Мельхиоров набрал воздуха в легкие и продолжил правдивое повествование.
– Сначала мы долго сидели в очереди. То и дело входили свежие люди. И был их первый вопрос: кто последний? И каждый раз, слыша эти слова, я содрогался – под их мелодию минула вся моя долгая жизнь. И Шлагбаум, этот барс астрофизики, мамонт мудрости, гладиатор дискуссий, содрогался солидарно со мной. Прошел весь день, и лишь ближе к сумеркам мы были допущены в ареопаг.

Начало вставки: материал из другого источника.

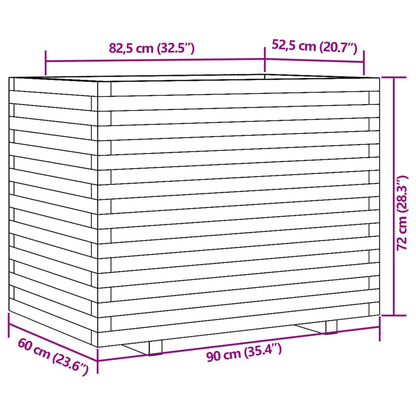 Vaso/floreira de jardim 90x60x72 cm madeira de pinho maciça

Минута кульминации грянула, Учитель яростно зарычал:
– Сикамбр, если б ты только видел эту взбесившуюся мясорубку, заправленную коллективным разумом! Самую мерзостную фигуру являл председатель этого сборища, сутулый щетинистый кроманьонец, бренчащий медалями, как монистами. Мне стоило только взглянуть на него, чтоб безошибочно определить его природу и происхождение. Сын слобожанки и ахалтекинца со всеми следами тяжелого детства.

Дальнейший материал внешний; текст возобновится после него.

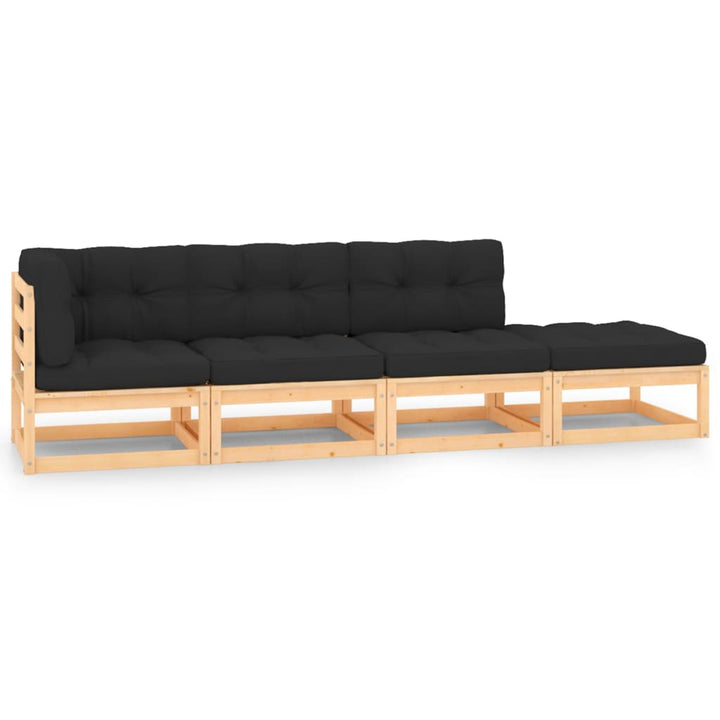 Set Mobilier De Grădină, 4 Piese, , Lemn Masiv De Pin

– Ахалтекинца? Но это же конь?
– Само собой. Разумеется, конь. Коня-то я и имел в виду. Когда Шлагбаум ему приводил непобедимые аргументы, он сразу же наливался кровью и говорил: «Даю отлуп». После чего излагал свои. Ни грана логики, ни буквы закона – лишь ненависть ко всему живому. Этим же качеством отличалась грудастая злобная старуха. Когда-то она видела Ленина, но более – ни одного мужчины, способного ответить ей взглядом. Я сразу понял: по этой груди никогда не ступала рука человека. Ты представляешь, какие миазмы скопились во всем ее естестве? Впрочем, все были один к одному. Никто из них не мог примириться с тем, что я получу две комнаты. У председателя был заместитель, преданно на него взиравший, одна из тех человеческих тварей, которые могут существовать единственно в чьем-то заднем проходе. Естественно, с его точки зрения, самое страшное преступление – чего-нибудь пожелать, захотеть, кроме своей режимной пайки. Был и еще один носорог, заслуженный табурет на пенсии. Но нет, я оскорбил табурет. Всякий предмет одушевленней этой красноречивой скотины. Отвратнее всех себя проявил какой-то вокалист, бывший тенор, некогда выступавший в опере. Он попросту исходил слюной. Когда сексуальное меньшинство влечет к социальному большинству, рождается гремучая смесь. А кроме того, все они вместе заводились, когда вступал Шлагбаум. Эти интернационалисты со стажем испытывают удивительно остро этническую несовместимость. Шлагбаум, возможно, и приобвык, но старого русского интеллигента вроде меня они отравили! Битый час они стряхивали на мою голову фекалии своего интеллекта. Причем вес первых, легко догадаться, был в обратной пропорции к весу второго. Поверь, я всласть надышался азотом! Единственный раз я там побывал, и больше ноги моей там не будет. Меж тем уже через две недели они должны выносить решение.